Der Europäische und der Österreich-Konvent – Versuch eines Vergleichs

Die Einsetzung des Österreich-Konvents war explizit inspiriert von der Tatsache, dass der Europäische Konvent nicht nur tagte, sondern entgegen den ursprünglichen Erwartungen ein Erfolg absehbar war. Die Konventmethode hatte sich auf europäischer Ebene zuvor auch schon bei der Erarbeitung der Europäischen Grundrechte-Charta bewährt.

 

Freiere Konventmethodik zur Überwindung verfahrener Ausgangssituationen
Mit dem Verlassen der jeweils rechtlich vorgegebenen Verfahren und dem Übergang zur freieren Konventmethode verband und verbindet sich in allen Fällen die Hoffnung, eingefahrene und verfahrene Ausgangssituationen zu überwinden und ein positives Resultat wahrscheinlicher zu machen. Der Umstand, dass die eigentlich vorgesehenen Verfahren für Verfassungsänderungen bzw. für die Revision der EU-Verträge damit nicht außer Kraft gesetzt, aber wirksam präjudiziert werden können, sorgt für zusätzliche Spannung und Dynamik. Ob dies letztendlich zu einem positiven Resultat führt, kann weder für den österreichischen noch den europäischen Prozess derzeit beurteilt werden.

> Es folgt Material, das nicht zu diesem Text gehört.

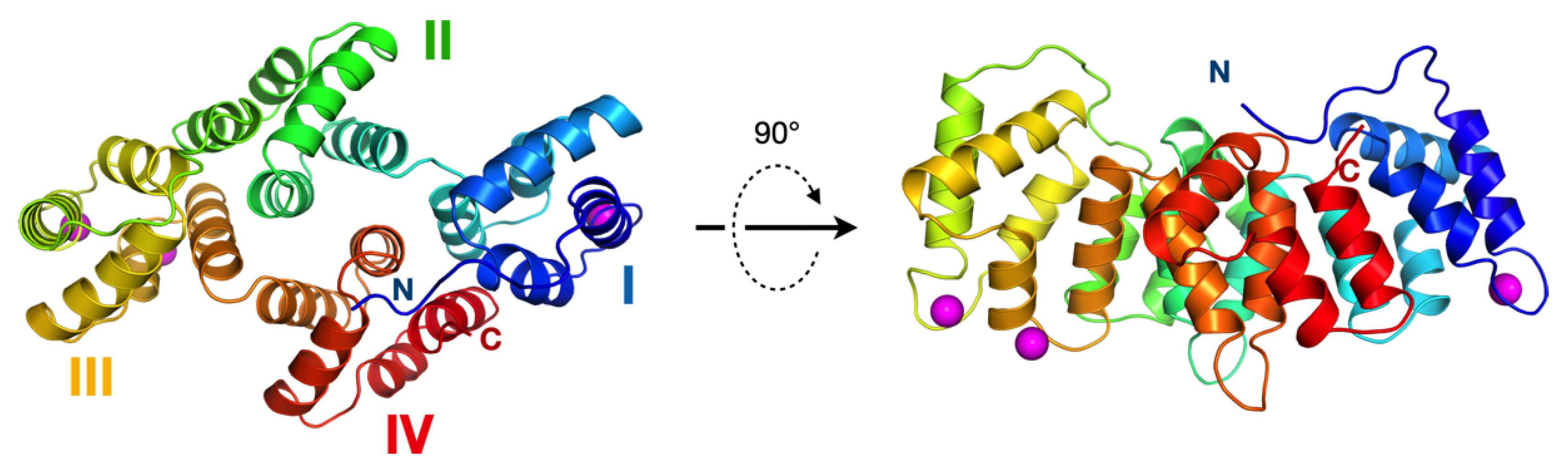 Biomolecules 10 00660 g002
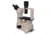 Meiji Techno Ergonomic Binocular Inverted Brightfield Biological Microscope, TC-5100E
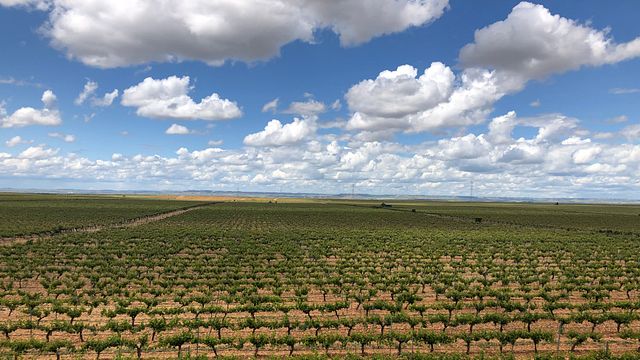 Rueda White Wine Tour with Michelin-Star Lunch from Madrid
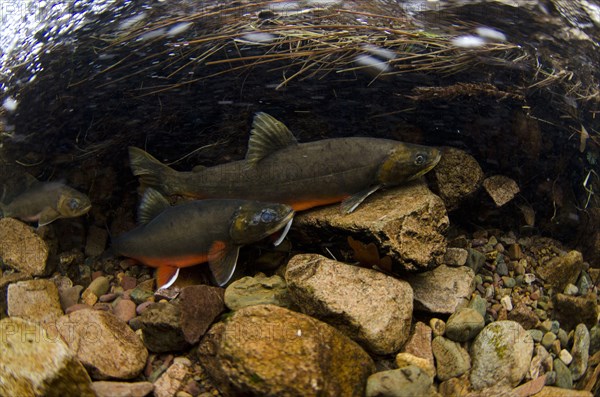 Arctic char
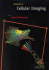 Methods in Cellular Imaging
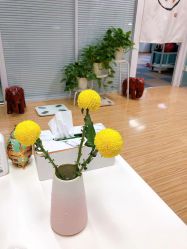 -维纳斯专业减肥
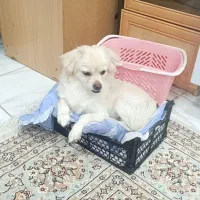 سگ اشپیتز|سگ|قروه, |دیوار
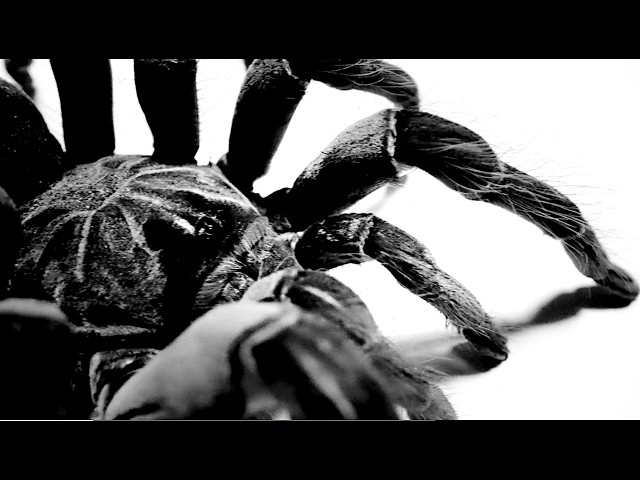 Inpatient ( Ren x Chris Webby ) - Tarantula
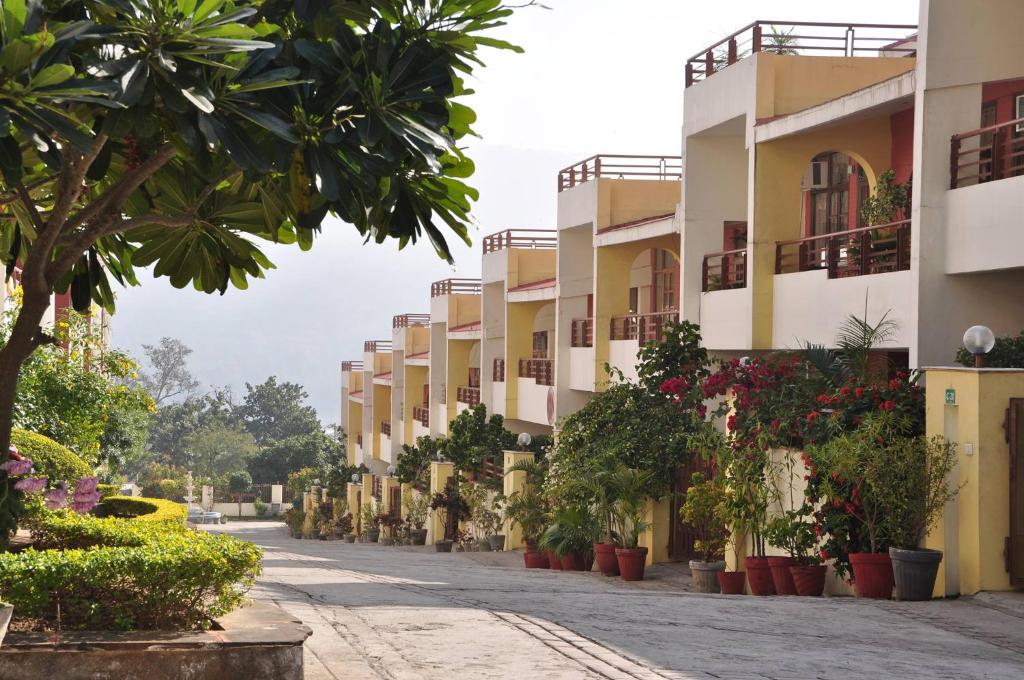瑞詩凱詩的住宿－Ayurveda Bhavan，植物堆积的建筑物前的街道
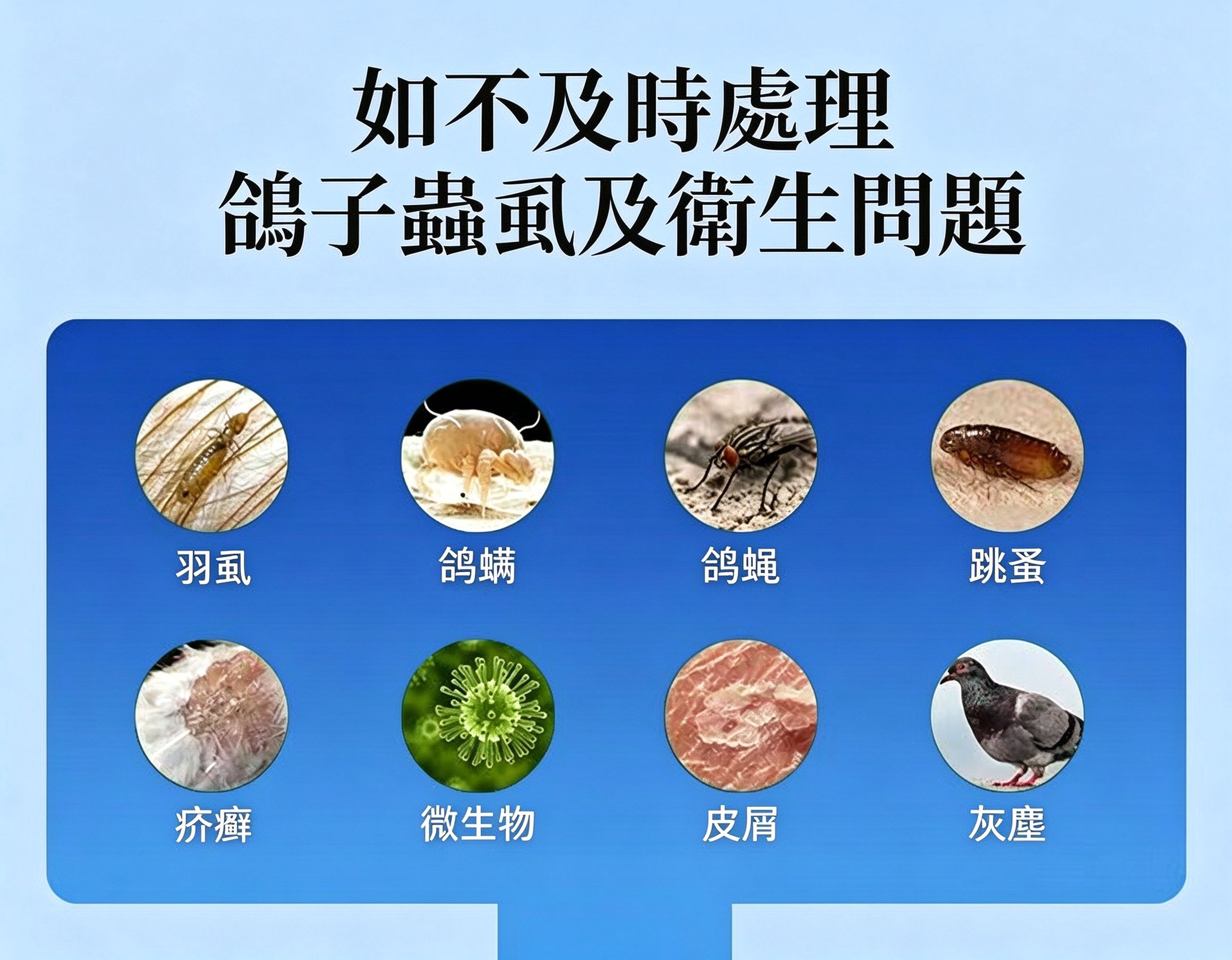 蟲蝨問題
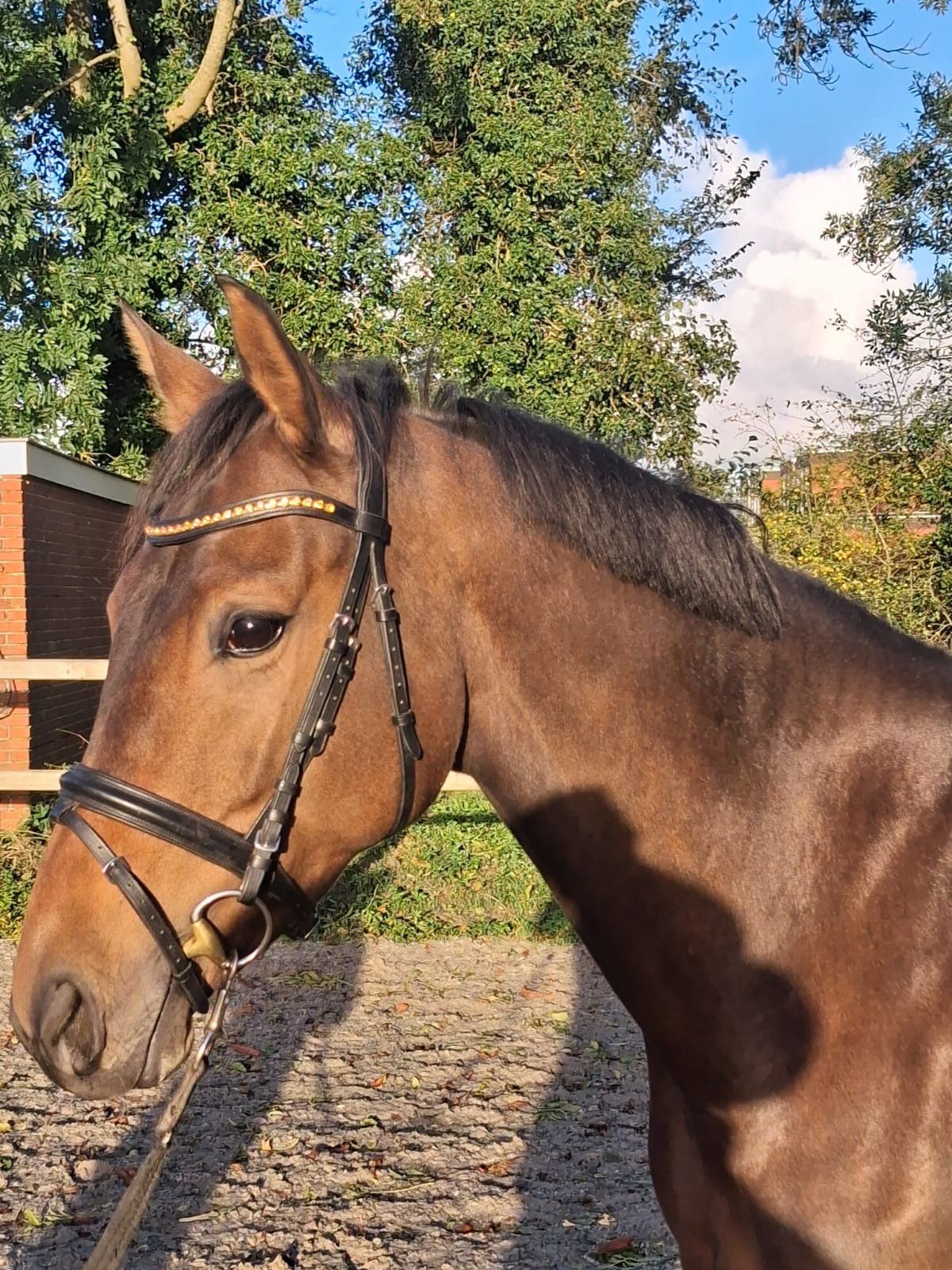 kwpn dressuurpaard merrie 4 år donkerbruin til salg - Foto 6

Von Reforminteressierten und Systemverteidigern
Der entscheidende Vorzug der Konventmethode kann dann zum Tragen kommen, wenn die personelle Zusammensetzung so gewählt wird, dass die Anzahl der an echten Reformen Interessierten größer ist als jene der Systemverteidiger und dass viele mitgestalten können, die diese Chance im regulären Verfahren nicht hätten. Im Europäischen Konvent war Ersteres insofern in hohem Ausmaß gegeben, als der von den alten Verträgen ausgehende Leidensdruck so groß war, dass die Reformwilligkeit nicht nur bei den parlamentarischen Mitgliedern gegeben war, sondern auch bei den Vertretern der Regierungen.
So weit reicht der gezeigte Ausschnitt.